Task to carry out:
All the data should be repeated exactly. Any image in it is left out.

---------- Records

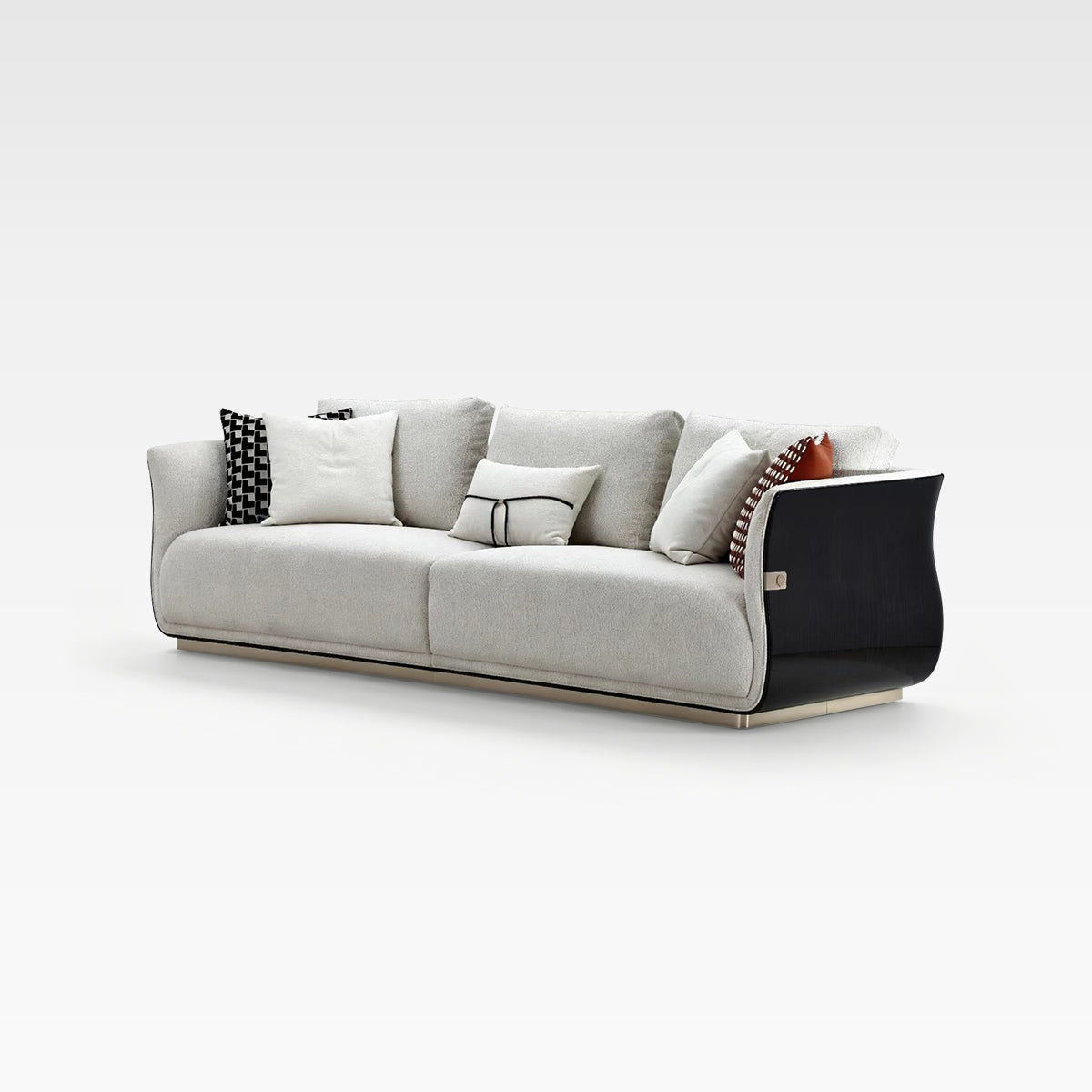 EBONY Straight Sofa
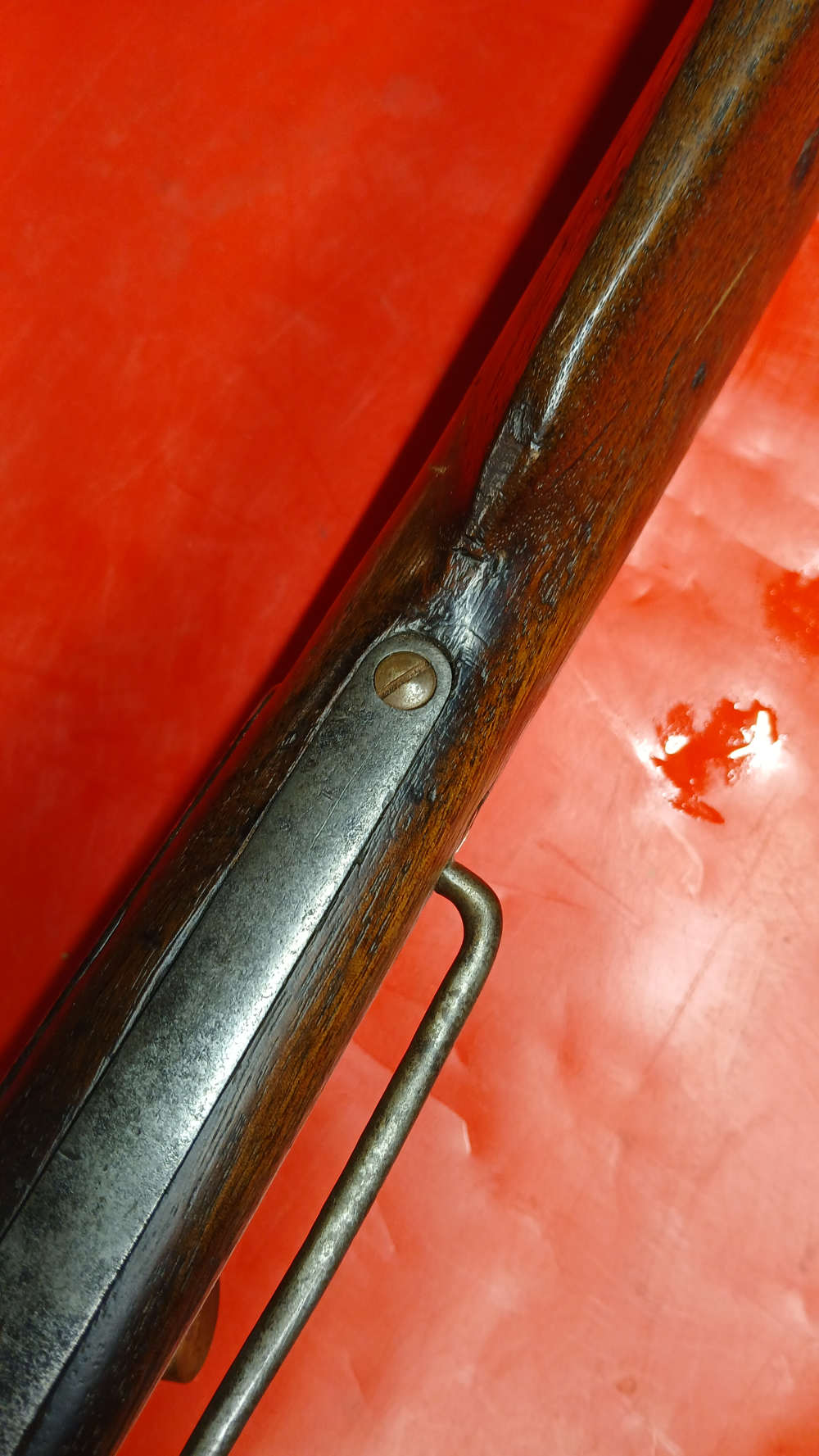 richardson and overman - civil war carbine - gallager 50 cal. -img-16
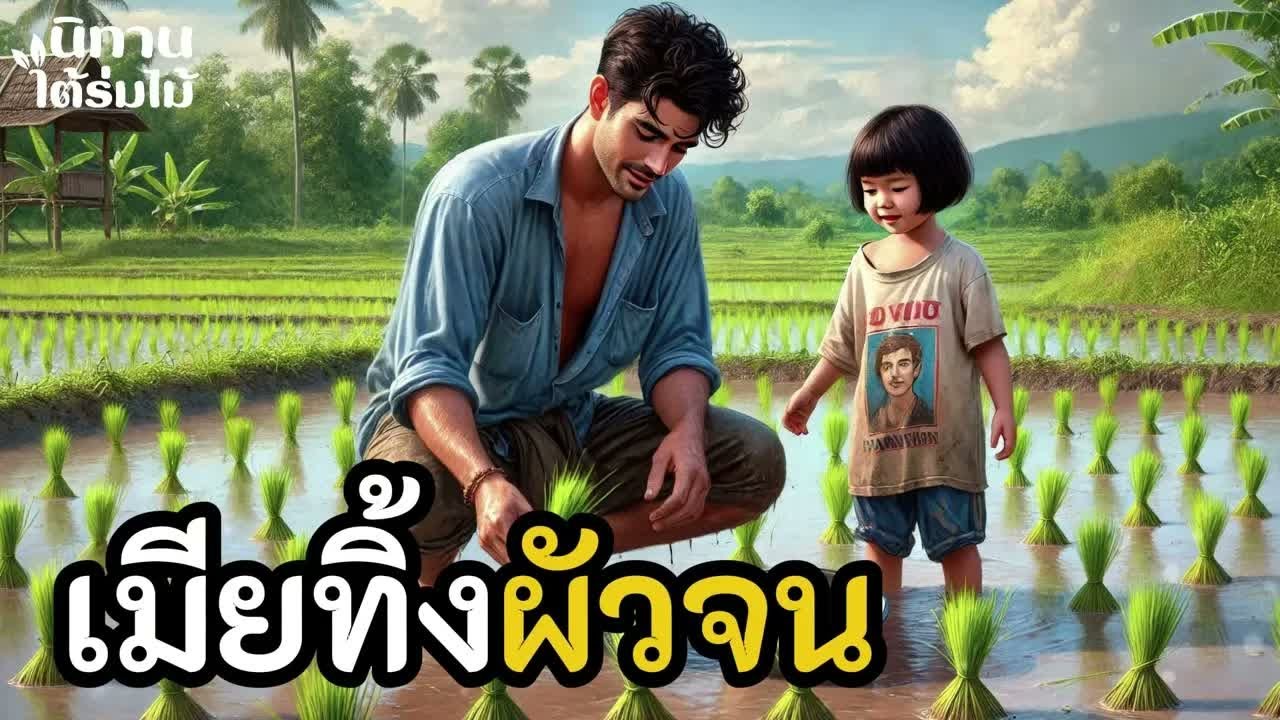 เมียทิ้งผัวจน ｜ EP.453 #นิทานพื้นบ้าน #นิทานก่อนนอน #นิทานสอนใจ #นิทานชาวบ้าน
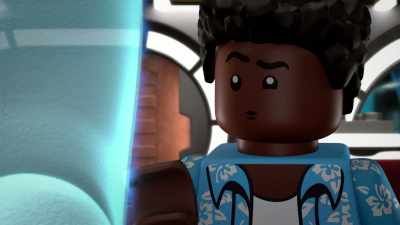 You? The war hero? The Resistance General? - Lego Star Wars Summer Vacation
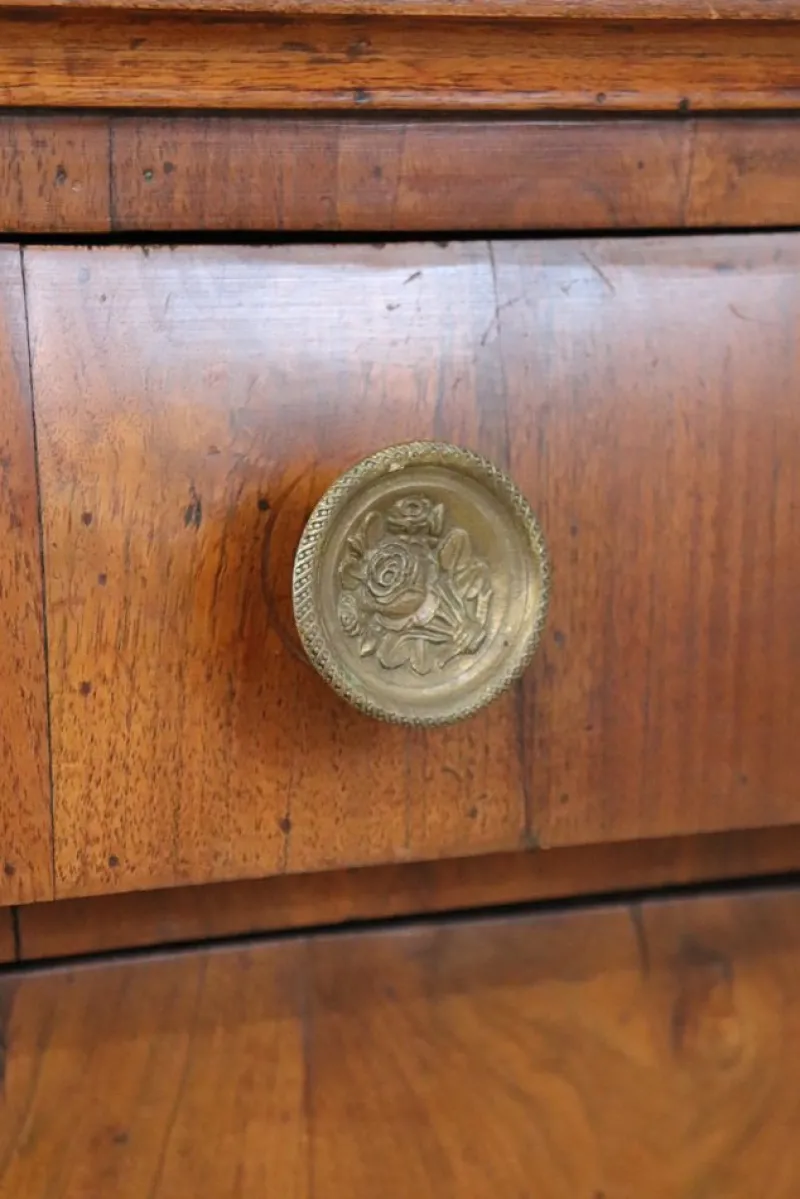 Sale Pamono Early 19th Century Walnut Nightstand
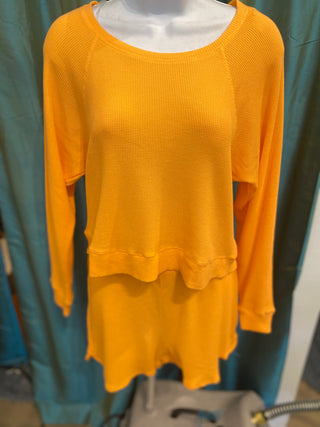 Slouchy Raglan Longsleeve Top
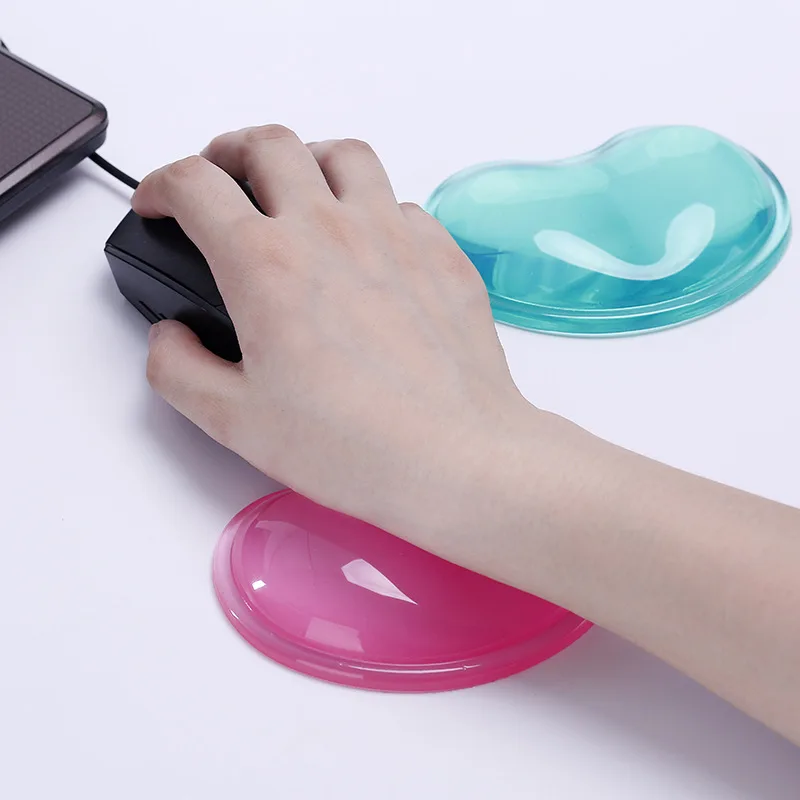Hot selling School Gel Laptop Rest for Silicone Computer Wrist Office Pad PC Supplies Accessories Desk Organizer mouse pad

--------------------

Expected answer:
 EBONY Straight Sofa
 richardson and overman - civil war carbine - gallager 50 cal. -img-16
 เมียทิ้งผัวจน ｜ EP.453 #นิทานพื้นบ้าน #นิทานก่อนนอน #นิทานสอนใจ #นิทานชาวบ้าน
 You? The war hero? The Resistance General? - Lego Star Wars Summer Vacation
 Sale Pamono Early 19th Century Walnut Nightstand
 Slouchy Raglan Longsleeve Top
Hot selling School Gel Laptop Rest for Silicone Computer Wrist Office Pad PC Supplies Accessories Desk Organizer mouse pad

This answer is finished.